====== Extracted information ======

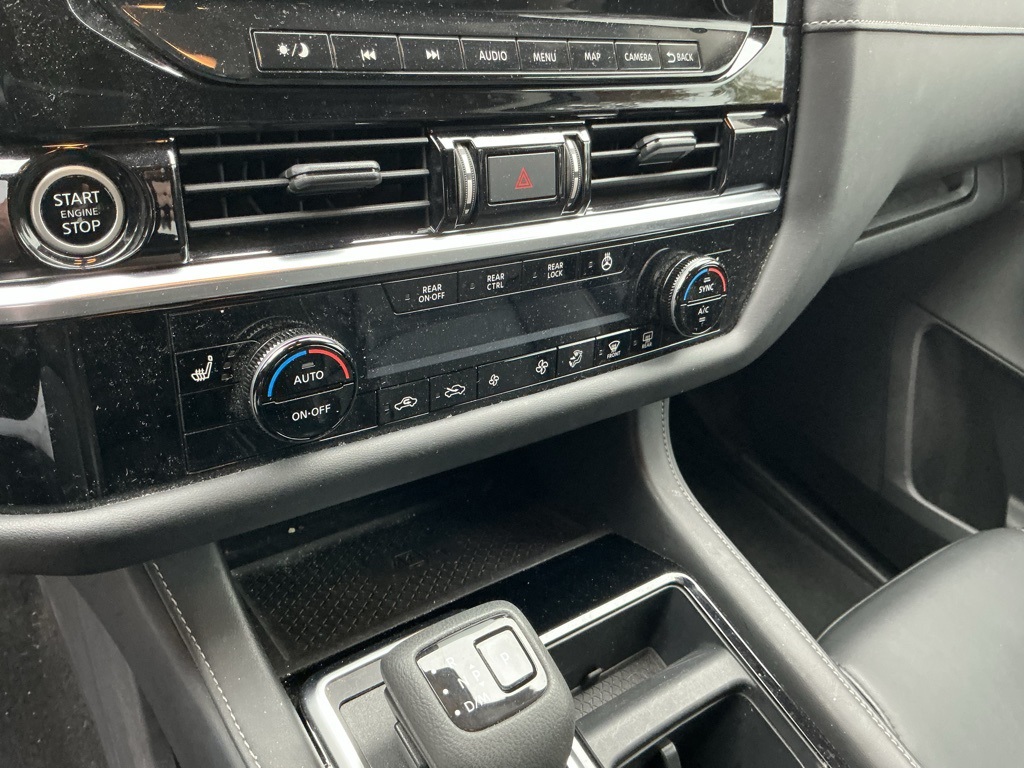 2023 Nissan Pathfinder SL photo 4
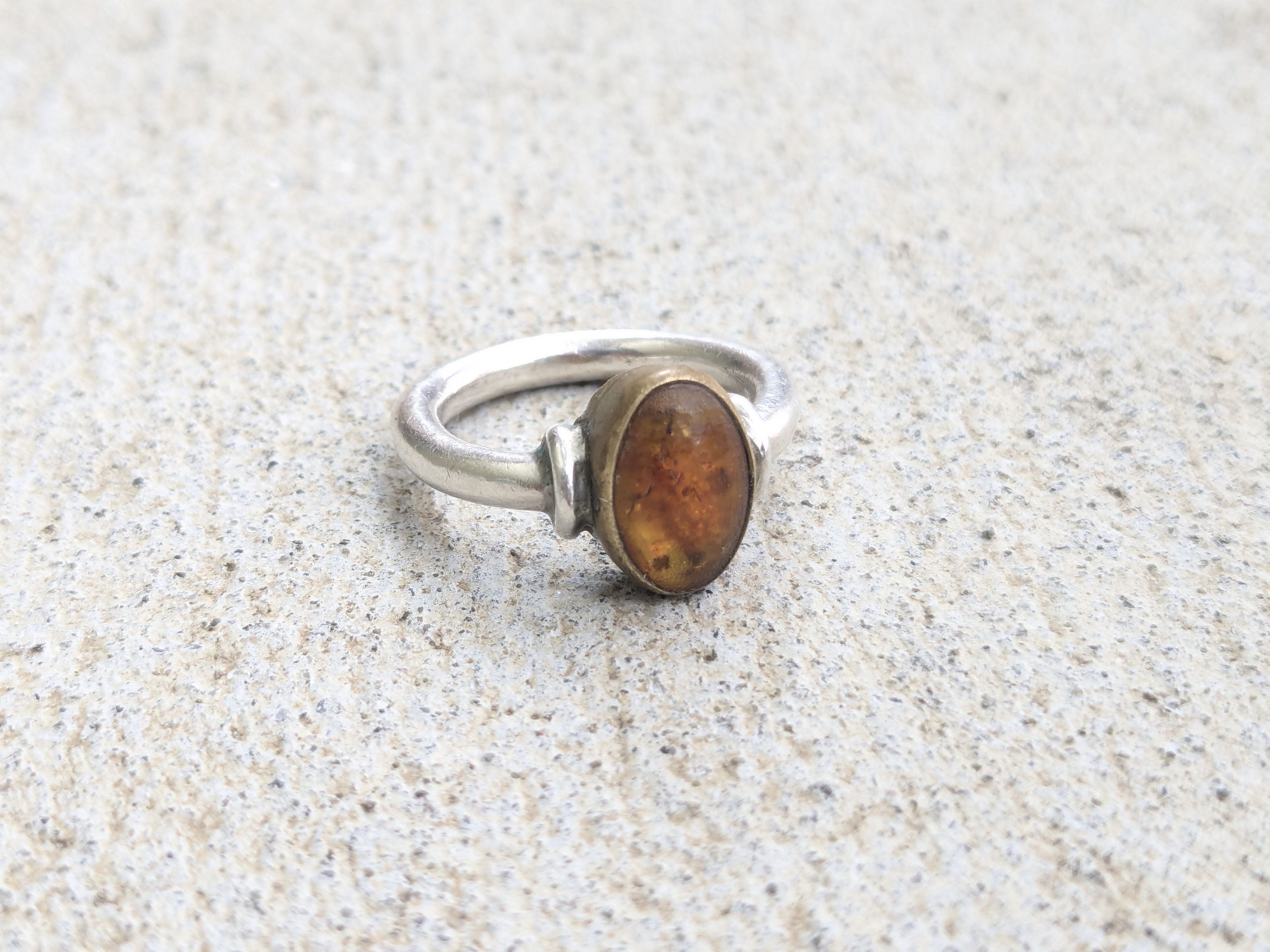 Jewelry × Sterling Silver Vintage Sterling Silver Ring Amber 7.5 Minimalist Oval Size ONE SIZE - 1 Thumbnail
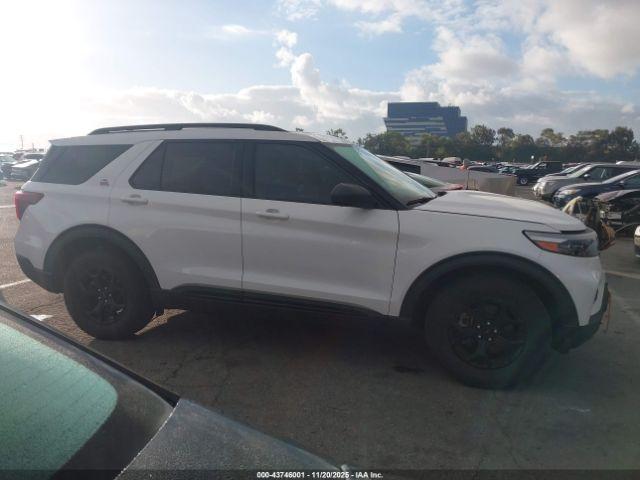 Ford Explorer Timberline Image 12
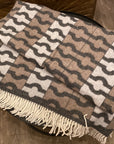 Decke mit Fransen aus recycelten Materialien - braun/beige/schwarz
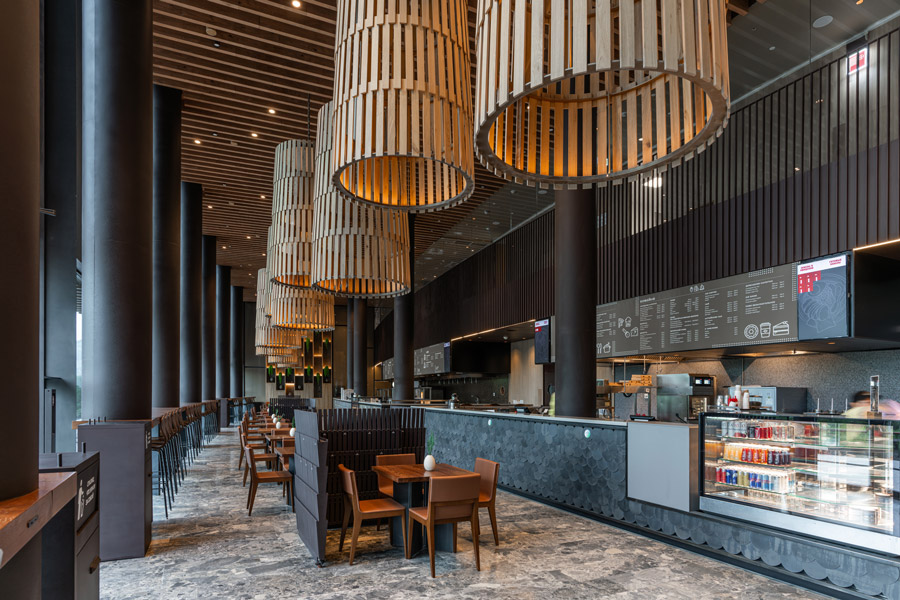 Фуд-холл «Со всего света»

======

• _Problem statement_
Copy exactly the lines from the one containing "Ford Explorer Timberline Image 12" through the final line of the records above, both included, and leave out any pictures.

• _Response to the task_
 Ford Explorer Timberline Image 12
 Decke mit Fransen aus recycelten Materialien - braun/beige/schwarz
 Фуд-холл «Со всего света»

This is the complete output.